Jim Smith

No. 34
- Position: Safety

Personal information
- Born: November 4, 1946 (age 79) Yazoo City, Mississippi, U.S.
- Listed height: 6 ft 3 in (1.91 m)
- Listed weight: 195 lb (88 kg)

Career information
- High school: Kearny (San Diego, California)
- College: Oregon (1964-1967)
- NFL draft: 1968: 1st round, 12th overall pick

Career history
- Washington Redskins (1968);

Awards and highlights
- First-team All-American (1967); 2× First-team All-Pac-8 (1966, 1967);

Career NFL statistics
- Fumble recoveries: 3
- Kick/punt return yards: 99
- Touchdowns: 1
- Stats at Pro Football Reference

= Jim Smith (defensive back) =

American football player (born 1946)

James McCoy Smith (born November 4, 1946) is an American former professional football player who was a defensive back for the Washington Redskins of the National Football League (NFL). He played high school football at Kearny High School in San Diego and college football for the Oregon Ducks. He was nicknamed "Yazoo" because he was born in Yazoo City, Mississippi. He was an All-American his senior year (1967), and was selected in the first round of the 1968 NFL/AFL draft. He was the first defensive back taken in the draft, and the twelfth player overall.
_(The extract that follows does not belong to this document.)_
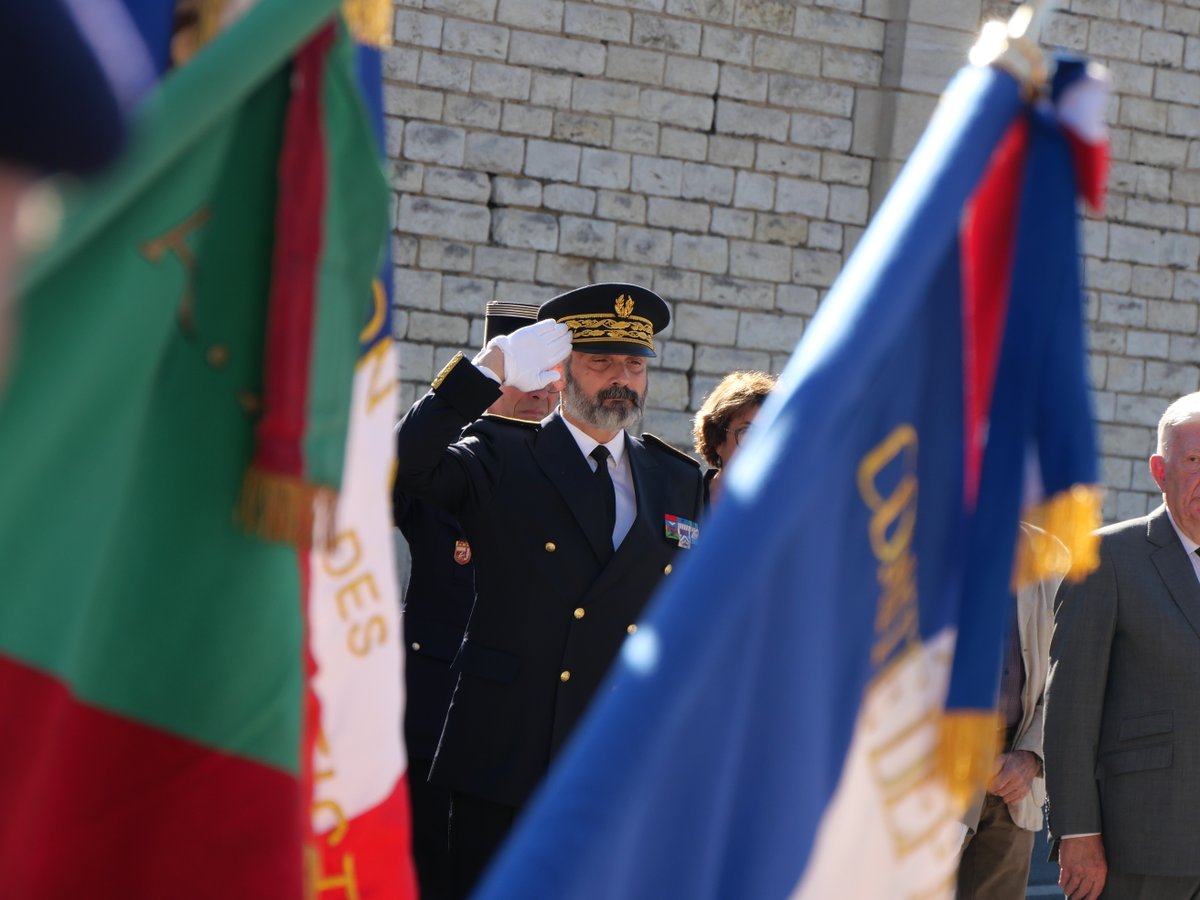 Prefet86's tweet photo. 🇫🇷  Ce vendredi 25 septembre, à #Poitiers, #hommage aux harkis, moghaznis et personnels des formations supplétives et assimilés, qui ont servi la France durant la guerre d’Algérie.  Ce jour est un temps de recueillement et de reconnaissance. #DevoirDeMémoire https://t.co/cxTyqcCh2A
He played all 14 games during his rookie season, but his career ended after one year because of a severe neck injury.

After his career was cut short, Smith sued the NFL and the Redskins in federal court on the grounds that the draft was a violation of the Sherman Antitrust Act. He argued that he would have gotten a better deal if he could have negotiated with all teams instead of just one. He also sued for personal injuries.

Smith was awarded treble damages in the amount of $276,600. The Redskins paid him $50,000 for his first season, and an additional $19,800 for an option year on his rookie contract, for a total of $69,800. However, the district court found that he should have gotten a 3-year contract worth $162,200, like his free-agent veteran teammate Pat Fischer, who was also a defensive back. Smith's lawsuit was successful both at the federal district court level and appellate level and was eventually settled in 1979. In the meantime, the NFL agreed with the NFL Players Association to restructure the draft so it would no longer violate the antitrust laws.